_WHAT THIS TASK INVOLVES:_ Leave every image out, and return the rest of the data word for word.

▶

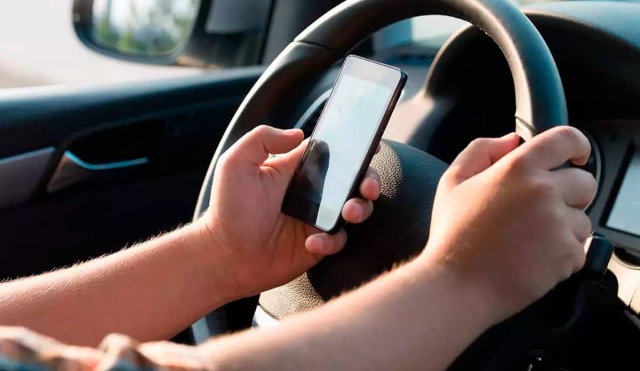 Recurrentes, infracciones por uso de celular al conducir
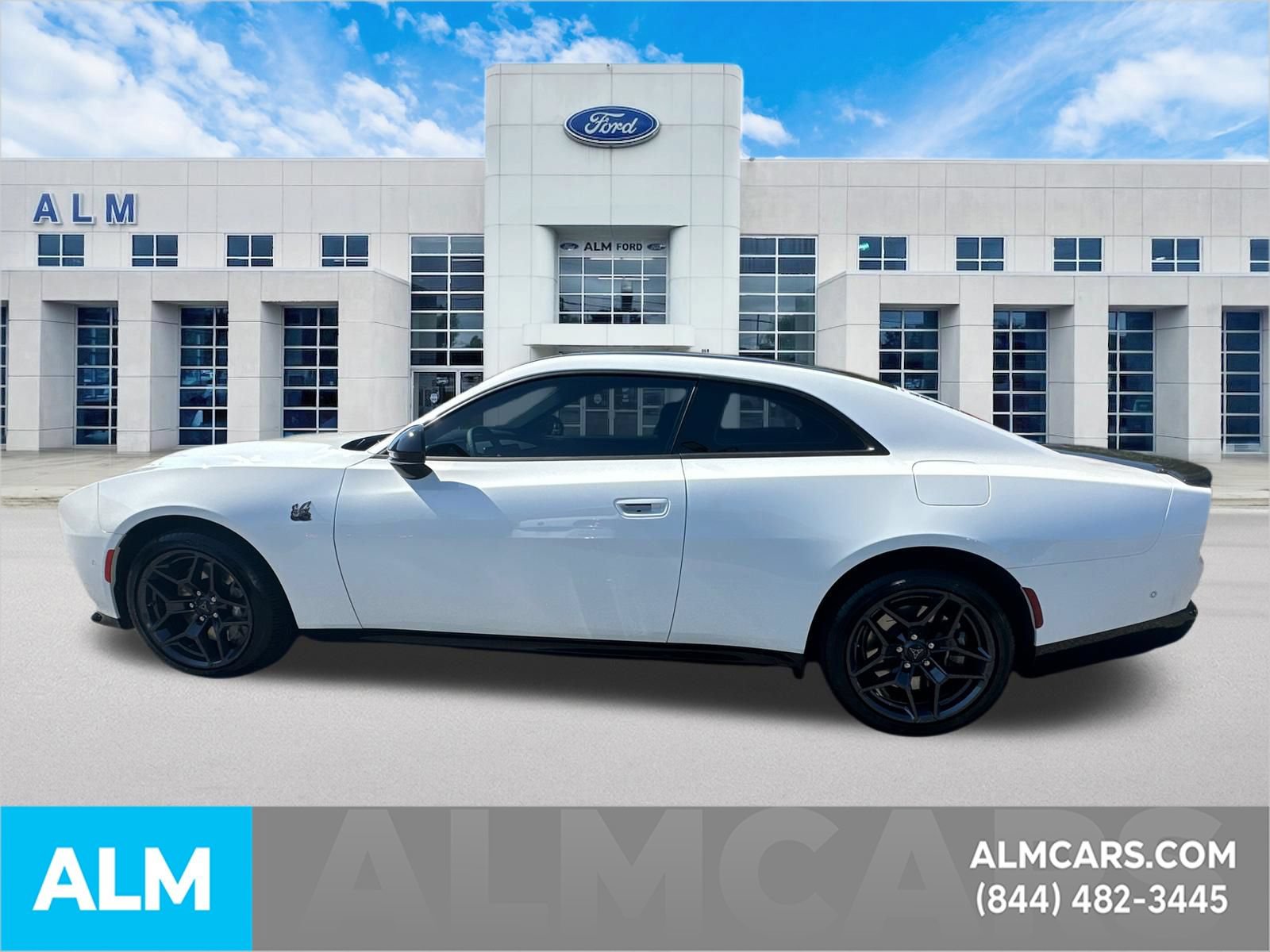 Used 2026 Dodge Charger Scat Pack w/ Blacktop Package AWD/4WD image 9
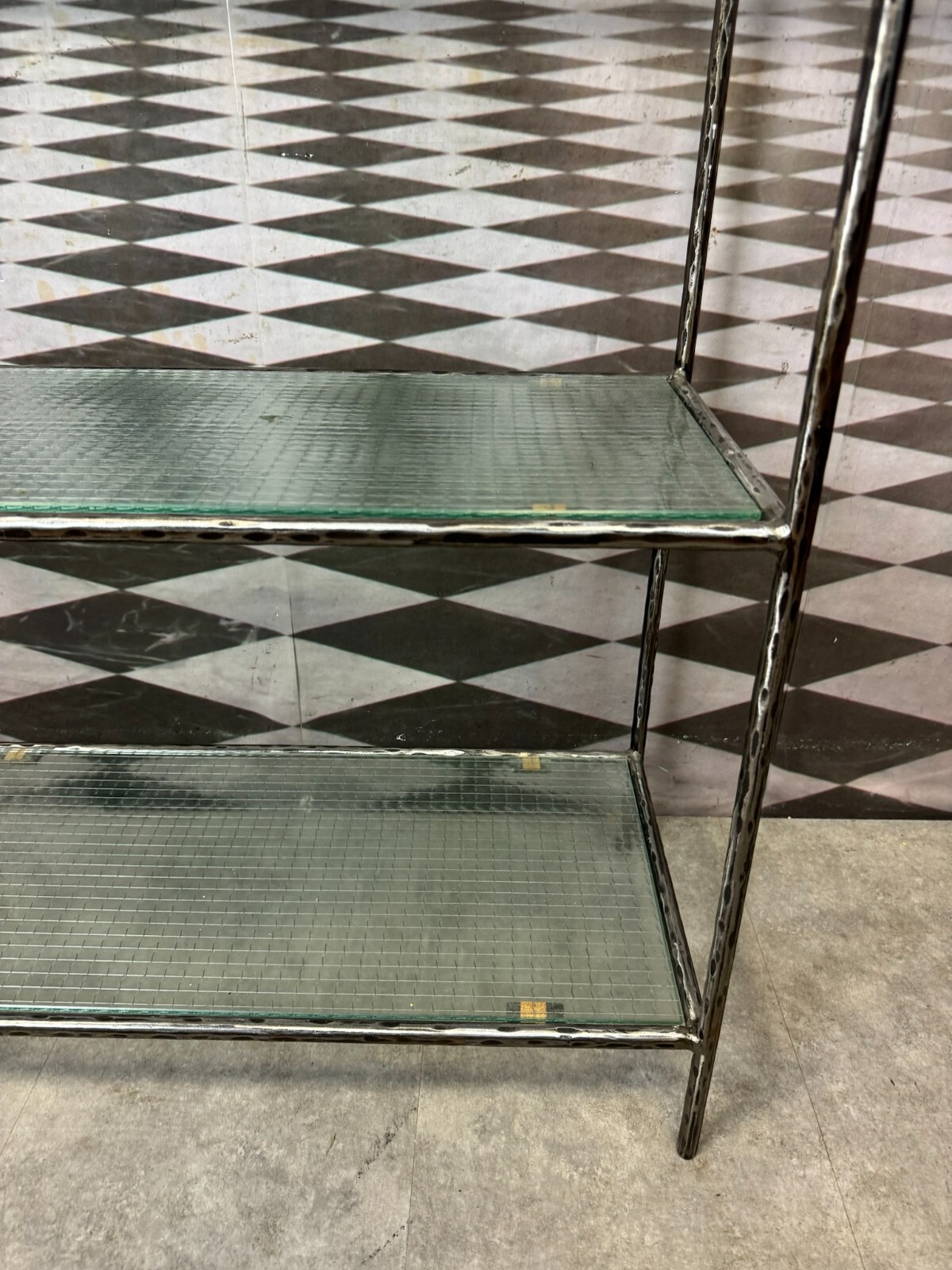 NEUZEITIGES REGAL METALL UND GLAS HANDGEFERTIGT – Bild 9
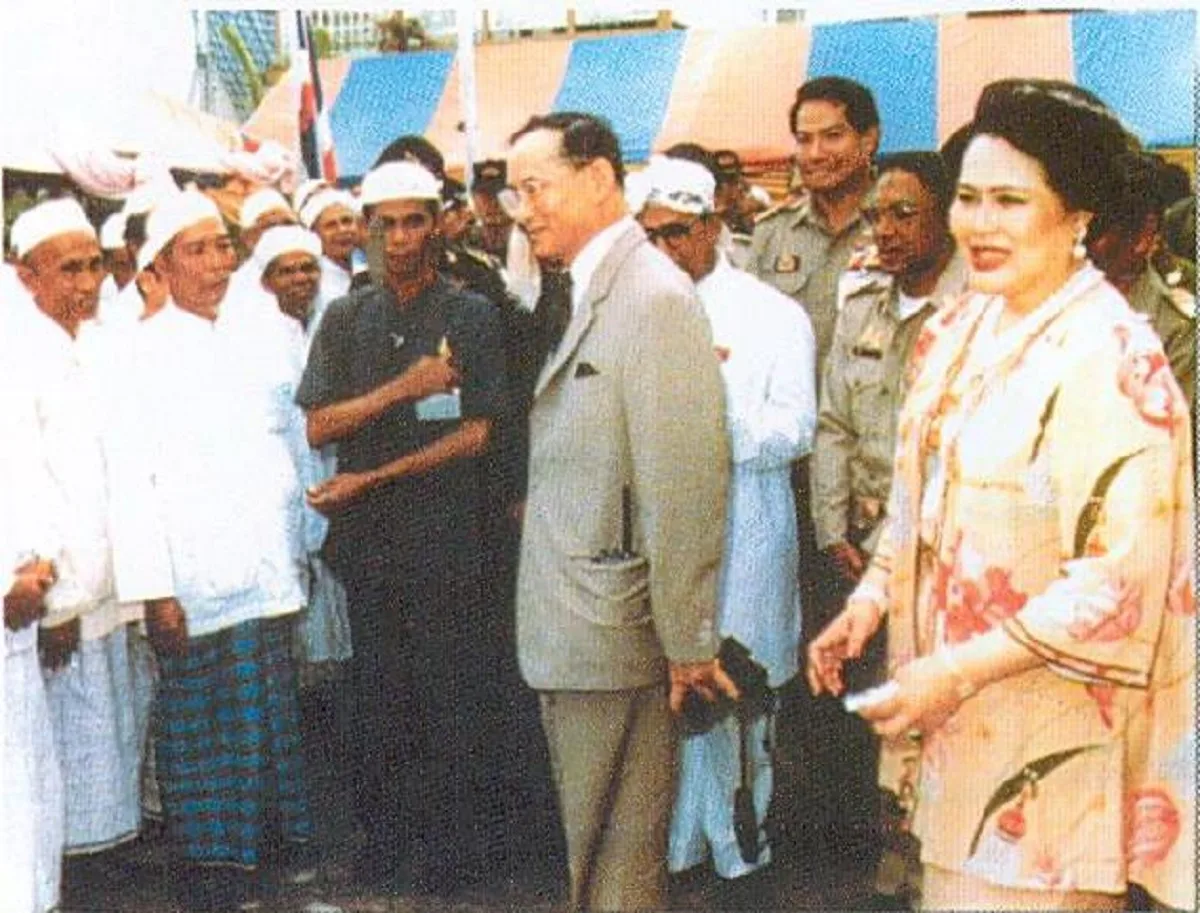 ภาพประกอบหน้า พระราชกรณียกิจด้านศาสนา ของหน่วยราชการในพระองค์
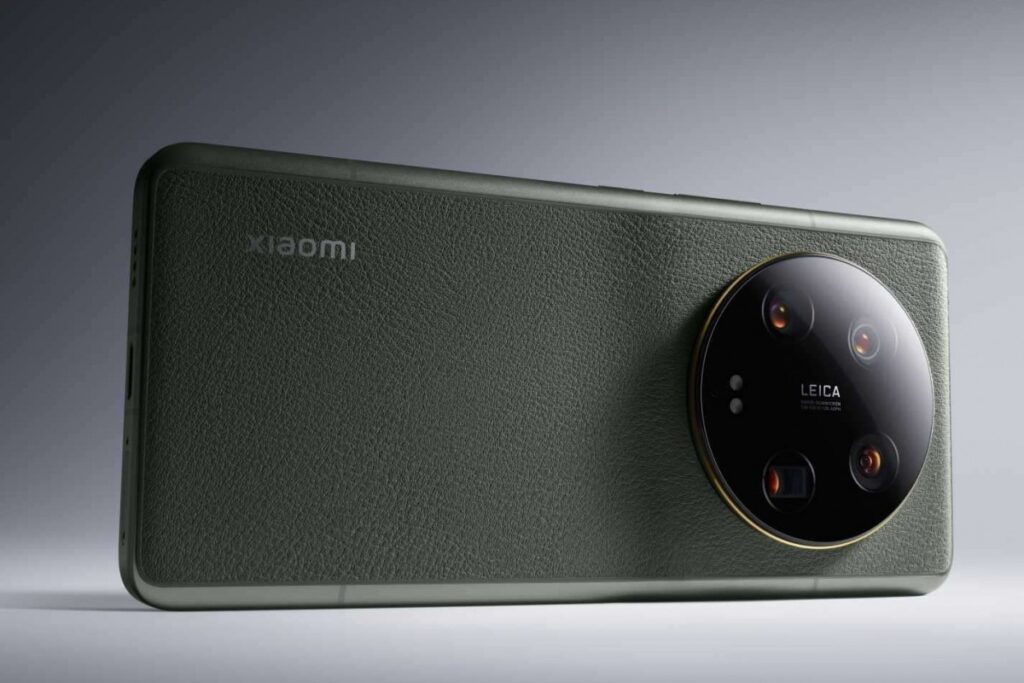 Xiaomi 13 Ultra Raises the Bar with Leica Camera Collaboration and Impressive Specs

◀

_WRITTEN SOLUTION:_
 Recurrentes, infracciones por uso de celular al conducir
 Used 2026 Dodge Charger Scat Pack w/ Blacktop Package AWD/4WD image 9
 NEUZEITIGES REGAL METALL UND GLAS HANDGEFERTIGT – Bild 9
 ภาพประกอบหน้า พระราชกรณียกิจด้านศาสนา ของหน่วยราชการในพระองค์
 Xiaomi 13 Ultra Raises the Bar with Leica Camera Collaboration and Impressive Specs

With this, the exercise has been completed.